Le Prince du néant (tomes 2 &3)


J'étais très excitée à l'idée de reprendre la lecture de cette trilogie, après un premier tome très prometteur. C'est sans conteste une série de qualité et originale.
J'apprécie l'intelligence de Baker, lorsque nous pourrions lui reprocher quelques longueurs ou voir notre intérêt commencer à s'effriter, il sait toujours nous concocter de palpitants rebondissements adroitement prémédités.
J'apprécie aussi les réflexions profondes des personnages sur eux-mêmes, leur évolution et leur perception de la religion.
Alors oui, Baker prend son temps pour faire avancer la sainte croisade et c'est dur d'attendre la fin du dernier volume pour enfin rencontrer Shimeh et le père de Kellhus... surtout que la fin tant attendue n'est pas réellement au rendez-vous. Clairement, l'auteur avait en tête sa seconde trilogie d'où cette absence de dénouement satisfaisant (quid de l'apocalypse ?) C'est dommage... après 3 volumes d'attente !
Qu'en est-il de l'envoûtement ressenti lors de la lecture du premier tome ? Alors que je commençais enfin à bien cerner les différentes factions, une partie de la magie et du mystère se sont aussi évaporées. Peu à peu, le Consult qui me semblait si terrible et effrayant est apparu vulnérable finalement, tout comme l'incroyable et mystérieux Kellhus, juste humain et donc susceptible de faire des erreurs.
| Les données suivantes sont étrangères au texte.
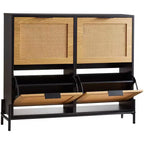 VIYET 44H Scarpiera a 4 Ante Ribaltabili in Rattan, Organizer Contenitore Sottile e Stretto per Ingresso con Gambe in Metallo per Corridoio/Ripostiglio (Color Legno Chiaro)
Les comparaisons au Christ, bien qu'indirectes, sont très présentes et nous ramène en terrain connu.
Je ne peux donc cacher une petite déception : si j'ai lu ces 2 volumes avec beaucoup de plaisir, je ressens aussi cette amertume au fond de moi, l'impression que Backer aurait pu réaliser un chef-d'oeuvre et frôler la perfection.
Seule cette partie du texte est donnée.